### EXERCISE DETAILS
Output every entry below exactly, without its pictures.

### MATERIAL FOR THIS TASK
'''

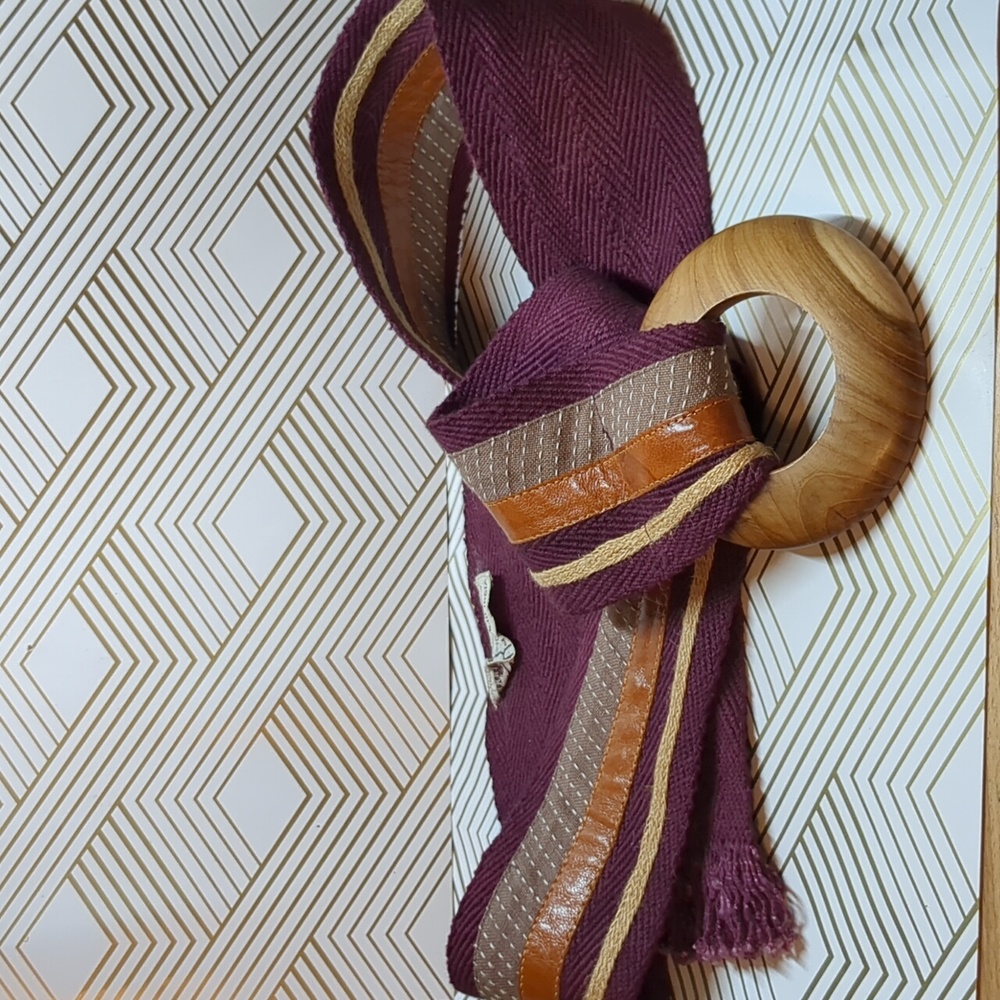 Vintage Magda k belt made with leather, made in India 100 % cotton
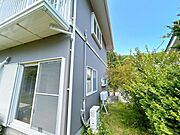 【リフォーム前/外観】これから植栽剪定工事等を行う予定です。駐車場も合計3台駐車可能なスペースとなります。
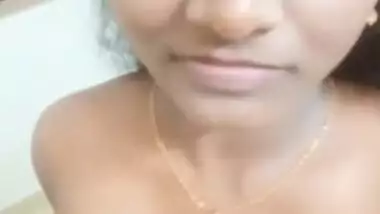 Desi Girl Shows Her Boobs Part 2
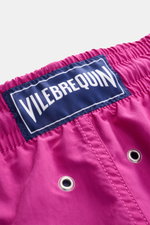 Vorderansicht der violetten Vilebrequin Badeshorts 'Moorea' aus hochwertiger Microfaser mit elastischem Bund, Entwässerungsösen und Weblabel.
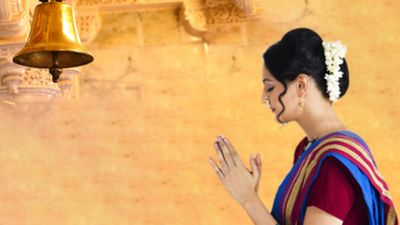 Vastu Tips for Women: ಲಕ್ಷ್ಮೀ ಕೋಪಕ್ಕೆ ಕಾರಣವಾಗುವ ಮಹಿಳೆಯರ ಈ ಅಭ್ಯಾಸಗಳು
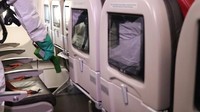 Pembersihan di nampan tempat duduk pesawat Lion Air (Foto: Dok. Lion Air)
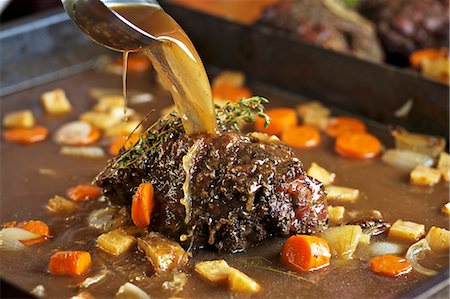 Roast venison with root vegetables in a pan Photographie de stock - Premium Libres de Droits, Code: 659-06495574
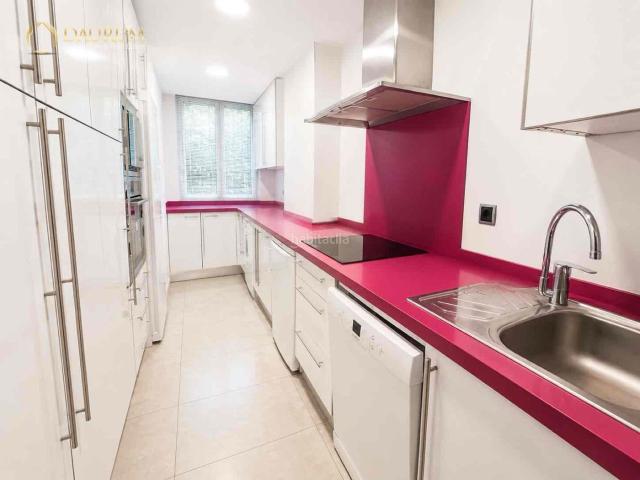 Piso en venta en Sevilla, Urbadiez Entrepuentes. Oportunidad en Sevilla Este! Amplio piso de 3 dormitorios listo para entrar a vivir. Pisos.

'''

### RESPONSE TO THIS TASK
 Vintage Magda k belt made with leather, made in India 100 % cotton
 【リフォーム前/外観】これから植栽剪定工事等を行う予定です。駐車場も合計3台駐車可能なスペースとなります。
 Desi Girl Shows Her Boobs Part 2
 Vorderansicht der violetten Vilebrequin Badeshorts 'Moorea' aus hochwertiger Microfaser mit elastischem Bund, Entwässerungsösen und Weblabel.
 Vastu Tips for Women: ಲಕ್ಷ್ಮೀ ಕೋಪಕ್ಕೆ ಕಾರಣವಾಗುವ ಮಹಿಳೆಯರ ಈ ಅಭ್ಯಾಸಗಳು
 Pembersihan di nampan tempat duduk pesawat Lion Air (Foto: Dok. Lion Air)
 Roast venison with root vegetables in a pan Photographie de stock - Premium Libres de Droits, Code: 659-06495574
 Piso en venta en Sevilla, Urbadiez Entrepuentes. Oportunidad en Sevilla Este! Amplio piso de 3 dormitorios listo para entrar a vivir. Pisos.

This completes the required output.